Ao se expressar assim sobre tais práticas do clericalismo cristão, Kant nos faz pensar nas palavras do escritor francês Ernesto Renan, que, em sua famosa Vida de Jesus, afirma que “foi pelo atrativo de ser uma doutrina despojada de formas exteriores que o verdadeiro cristianismo de Cristo seduziu as almas elevadas”.
Frederico, o Grande, e seu sucessor, o intolerante. Parte considerável da vida de Kant transcorreu sob o reinado do esclarecido e progressista soberano alemão Frederico, o Grande (1712–1786), adepto do Iluminismo Francês, além de protetor e amigo de Voltaire.
Porém com a morte do ínclito monarca ascendeu ao trono o retrógrado e reacionário Frederico Guilherme II (1744-1797).
Contrário à política liberal de seu ilustre antecessor e influenciado pelo clero, esse rei, despido da necessária dignidade régia e cristã, teve seu reinado marcado por perseguição, intolerância e obscurantismo religiosos. Isso em pleno Século das Luzes.

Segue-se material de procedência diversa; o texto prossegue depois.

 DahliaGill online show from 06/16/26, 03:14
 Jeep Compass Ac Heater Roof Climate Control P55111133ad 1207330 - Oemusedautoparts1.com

‘Último mártir da filosofia’. Kant, então já em idade avançada, de físico débil e saúde melindrosa, passou a ser alvo de pressões e humilhações por parte do setor de censura desse rei. Passou até mesmo a ser ameaçado de prisão e de perder seu cargo na universidade.
Além disso, impedido por Frederico Guilherme II de dar publicidade a suas opiniões discordantes da teologia católica, Kant só pôde publicar esses escritos depois da morte esse inimigo da liberdade de expressão em 1797.
Canto do cisne. Foi também nesse ano que Kant escreveu sua última obra, A metafísica dos costumes, seu “canto do cisne”. A essa altura, restavam ao prolífico filósofo sete anos de vida. Mas já cumprira sua grande e histórica missão filosófico-criticista. Noutras palavras, já realizara sua obra, considerada monumental, na qual convergem as tendências das duas maiores escolas filosóficas da Idade Moderna, o empirismo e o racionalismo.
Como já foi dito no artigo inicial deste capítulo sobre Immanuel Kant, ele orçava pelos 80 anos quando faleceu, em 1804.